In the 1950s and 1960s a new paradigm of industrialisation and development had taken developing countries by storm – import substituting industrialisation (ISI). But that was soon overtaken in the 1970s and beyond by the open trade export-led growth strategy that led to the tremendous economic success of East Asian economies, followed by that of China until the Global Financial Crisis (GFC) of 2008. Bangladesh took the leap of faith in export-led growth in the 1990s that produced both double digit export growth, and led to job creation, accelerated GDP growth and rapid poverty reduction. Soon the export-oriented readymade garment (RMG) industry evolved into the industrial icon of Bangladesh economy, based on the nation’s comparative advantage in cheap low-skilled labour, capturing a notable share of the global export market. In so doing, it has had the effect of opening up sectors inter-linked to the final export product, a process called backward linkage.

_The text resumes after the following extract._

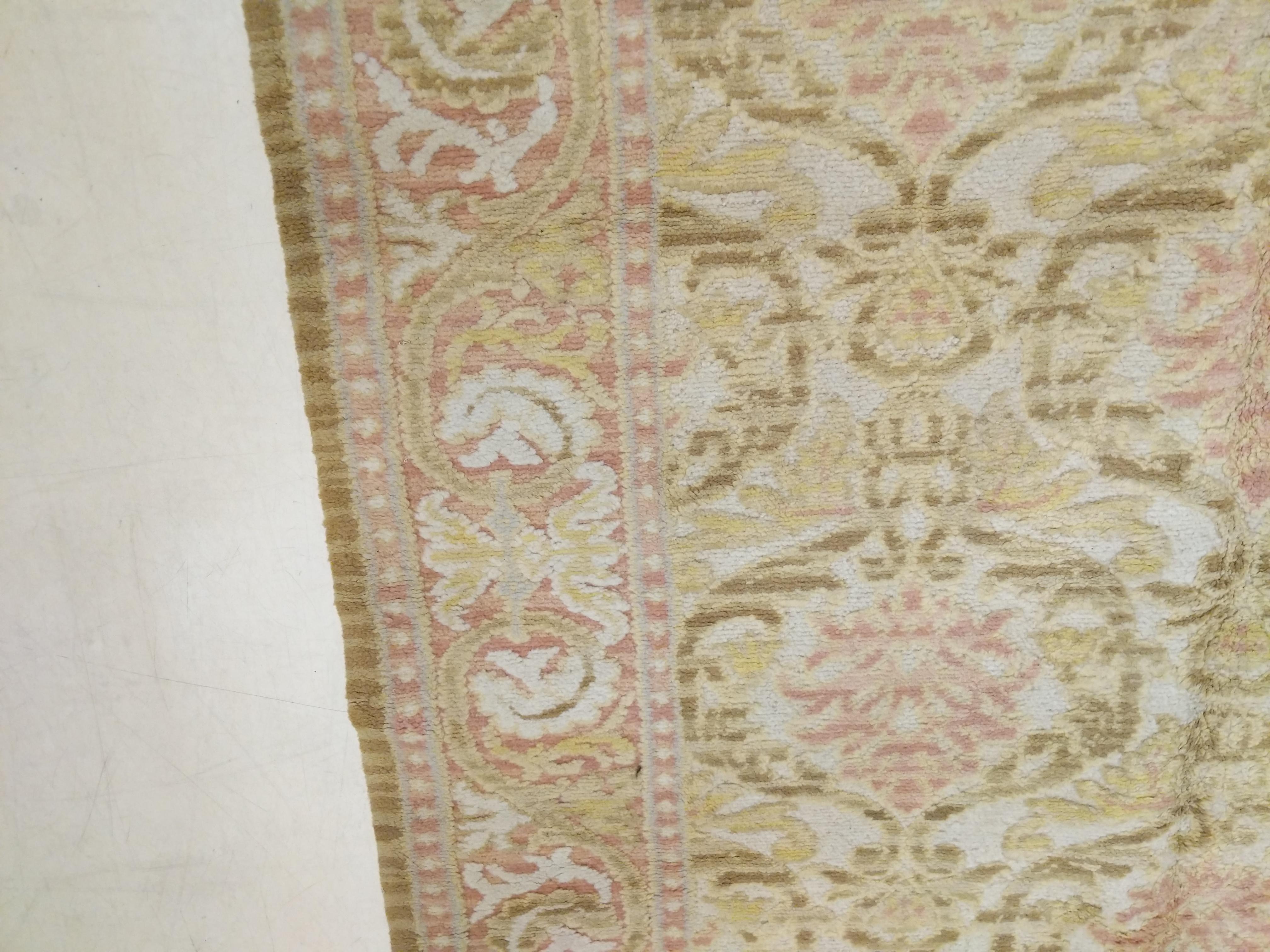 Spanischer Cuenca-Teppich im Vintage-Stil mit Palmette-Design aus der Renaissance im Angebot 10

The rapid expansion of export-oriented primary textiles is a major development in Bangladesh’s economic landscape. A large industry has grown over the past three decades supplying intermediate inputs to the leading export sector of Bangladesh – readymade garments. This is clearly a new phenomenon in the Bangladesh economy – called “deemed exports” in local official jargon. Backward linkage industries to the RMG sector is another popular way of describing this industrial development. They supply yarn, fabrics, and accessories to the RMG export industry comprised of knit and woven garments (Fig.1-2). RMG accounted for 84 per cent of the $40 billion exported in FY2019 (Fig.1). Over time, RMG has been relying less and less on imported inputs resulting in rising value addition based on domestic content (Table 1).

Typically, RMG firms import inputs under the system of back-to-back (BTB) which allows them to pay for imported inputs from export proceeds. Table 1 reveals that over the years a smaller proportion of RMG exports were being imported under BTB system, with the domestic vale added content rising from 32 per cent in FY92 to 60 per cent in FY2019. Increasing supplies from backward linkage industries made this possible.

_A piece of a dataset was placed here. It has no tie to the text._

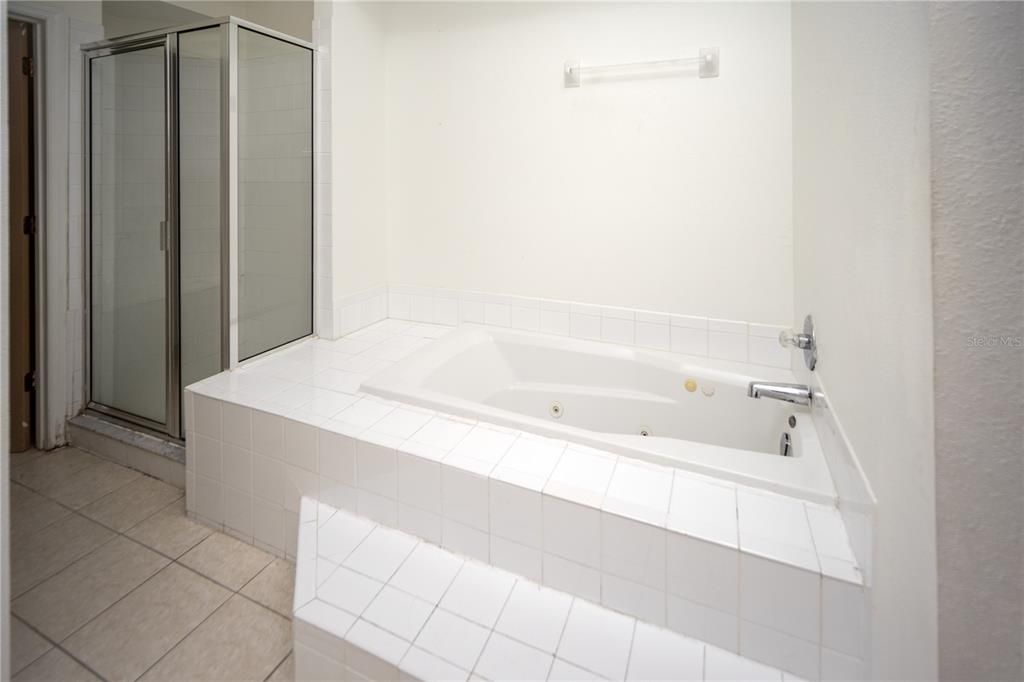 For Rent: $1,650 (3 beds, 2 baths, 1400 Square Feet)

**Foreign Exchange Operation Department, Bangladesh Bank. Amount of L/C Settlement under back to back import.

The quantum of these domestic supplies is no longer insignificant as BKMEA representatives indicate knitwear exporters source some 80 per cent of their input of yarn from local textile producers. The number of yarn manufacturing mills have more than doubled, from 200 in 2000 to 433 in 2019, while spindle capacity has tripled to 13.5 billion kg of yarn (Table 2). Much of this growth could be attributed to the rapid expansion of knitwear exports which rose from $1.5 billion in FY2001 to $16.9 billion in FY2019 with somewhat lesser demand pull coming from woven RMG exports of $17.2 billion.

Woven garments still need to rely on imports of wide variety of fabrics though local production has made strong inroads into the export-oriented market. 800 fabric manufacturing mills produce 3.8 billion metres of fabric, which is processed for dyeing, printing, and finishing, for exports as well as domestic sales. Denim production is an entirely export-oriented activity. 60 per cent of the annual denim requirement of 840 million yards is supplied by 32 denim mills that have cropped up in the past 20 years or so. In addition, other cotton-based fabrics and those from man-made fibre (MMF) are increasingly catching up with demand to meet some 40-45 per ent of requirement by woven garment exporters.

Given these estimates of domestic content in RMG production that will bring domestic production of deemed textile exports to around $21+ billion, or 63 per ent of RMG exports, up from under 5 per ent when the RMG sector started its export journey in early 1980s. Back-to-back L/C settlement data from Bangladesh Bank also show B-T-B imports of RMG intermediate inputs are now down to 40 per cent of RMG exports, suggesting domestic value addition to have risen to 60 per cent of exports in FY2019. With all this happening, the structure of manufacturing sector is transforming. Together with RMG, well over half of Bangladesh’s manufacturing sector is now geared to export production.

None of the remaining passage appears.